Commit Graph

4660 Commits

Author SHA1 Message Date
Jake Burkholder
60a57b73ef ktr changes to improve performance and make writing a userland utility to
dump the trace buffer feasible.
- Remove KTR_EXTEND.  This changes the format of the trace entries when
  activated, making writing a userland tool which is not tied to a specific
  kernel configuration difficult.
- Use get_cyclecount() for timestamps.  nanotime() is much too heavy weight
  and requires recursion protection due to ktr traces occuring as a result
  of ktr traces.  KTR_VERBOSE may still require recursion protection, which
  is now conditional on it.
- Allow KTR_CPU to be overridden by MD code.  This is so that it is possible
  to trace early in startup before pcpu and/or curthread are setup.
- Add a version number for the ktr interface.  A userland tool can check this
  to detect mismatches.
- Use an array for the parameters to make decoding in userland easier.
- Add file and line recording to the non-extended traces now that the extended
  version is no more.

These changes will break gdb macros to decode the extended version of the
trace buffer which are floating around.  Users of these macros should either
use the show ktr command in ddb, or use the userland utility which can be run
on a core dump.

Approved by:	jhb
Tested on:	i386, sparc64
2002-04-01 05:35:26 +00:00
Poul-Henning Kamp
81661c94b6 Here follows the new kernel dumping infrastructure.
Caveats:

The new savecore program is not complete in the sense that it emulates
enough of the old savecores features to do the job, but implements none
of the options yet.

I would appreciate if a userland hacker could help me out getting savecore
to do what we want it to do from a users point of view, compression,
email-notification, space reservation etc etc.  (send me email if
you are interested).

Currently, savecore will scan all devices marked as "swap" or "dump" in
/etc/fstab _or_ any devices specified on the command-line.

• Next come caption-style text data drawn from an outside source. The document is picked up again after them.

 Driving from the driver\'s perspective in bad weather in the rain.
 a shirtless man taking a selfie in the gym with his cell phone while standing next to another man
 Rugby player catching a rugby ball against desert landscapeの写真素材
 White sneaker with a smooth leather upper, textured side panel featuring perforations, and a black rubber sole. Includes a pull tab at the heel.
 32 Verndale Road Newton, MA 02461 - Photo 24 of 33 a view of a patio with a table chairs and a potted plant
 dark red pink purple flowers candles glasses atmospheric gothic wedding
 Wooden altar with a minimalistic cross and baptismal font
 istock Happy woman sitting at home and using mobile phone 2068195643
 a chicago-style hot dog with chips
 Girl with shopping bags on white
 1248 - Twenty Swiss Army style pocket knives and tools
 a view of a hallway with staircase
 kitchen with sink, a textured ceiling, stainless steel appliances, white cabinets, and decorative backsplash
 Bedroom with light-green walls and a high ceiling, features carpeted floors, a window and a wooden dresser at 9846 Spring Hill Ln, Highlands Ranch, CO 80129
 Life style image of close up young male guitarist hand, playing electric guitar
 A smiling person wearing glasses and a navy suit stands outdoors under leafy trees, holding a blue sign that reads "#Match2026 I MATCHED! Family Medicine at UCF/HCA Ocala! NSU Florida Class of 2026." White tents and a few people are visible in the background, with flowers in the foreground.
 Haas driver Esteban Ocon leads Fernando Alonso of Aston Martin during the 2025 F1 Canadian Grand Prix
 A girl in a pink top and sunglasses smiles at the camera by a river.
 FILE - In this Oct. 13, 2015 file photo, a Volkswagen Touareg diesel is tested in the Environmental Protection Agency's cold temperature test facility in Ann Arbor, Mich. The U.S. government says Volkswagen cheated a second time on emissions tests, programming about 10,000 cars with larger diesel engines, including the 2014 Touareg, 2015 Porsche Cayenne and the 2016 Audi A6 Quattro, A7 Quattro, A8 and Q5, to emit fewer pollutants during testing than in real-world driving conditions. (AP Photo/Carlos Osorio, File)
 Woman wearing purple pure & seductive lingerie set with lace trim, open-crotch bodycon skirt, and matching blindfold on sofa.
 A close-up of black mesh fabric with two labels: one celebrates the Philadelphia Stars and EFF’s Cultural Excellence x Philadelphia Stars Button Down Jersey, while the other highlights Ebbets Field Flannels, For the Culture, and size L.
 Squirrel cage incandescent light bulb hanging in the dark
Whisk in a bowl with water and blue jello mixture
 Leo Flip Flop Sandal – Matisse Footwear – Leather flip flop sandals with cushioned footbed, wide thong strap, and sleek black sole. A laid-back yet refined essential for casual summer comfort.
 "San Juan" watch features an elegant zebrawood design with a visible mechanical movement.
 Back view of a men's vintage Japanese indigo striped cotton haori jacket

All architectures but i386 lack an implementation of dumpsys(), but
looking at the i386 version it should be trivial for anybody familiar
with the platform(s) to provide this function.

Documentation is quite sparse at this time, more to come.

Details:

ATA and SCSI drivers should work as the dump formatting code has been
removed.  The IDA, TWE and AAC have not yet been converted.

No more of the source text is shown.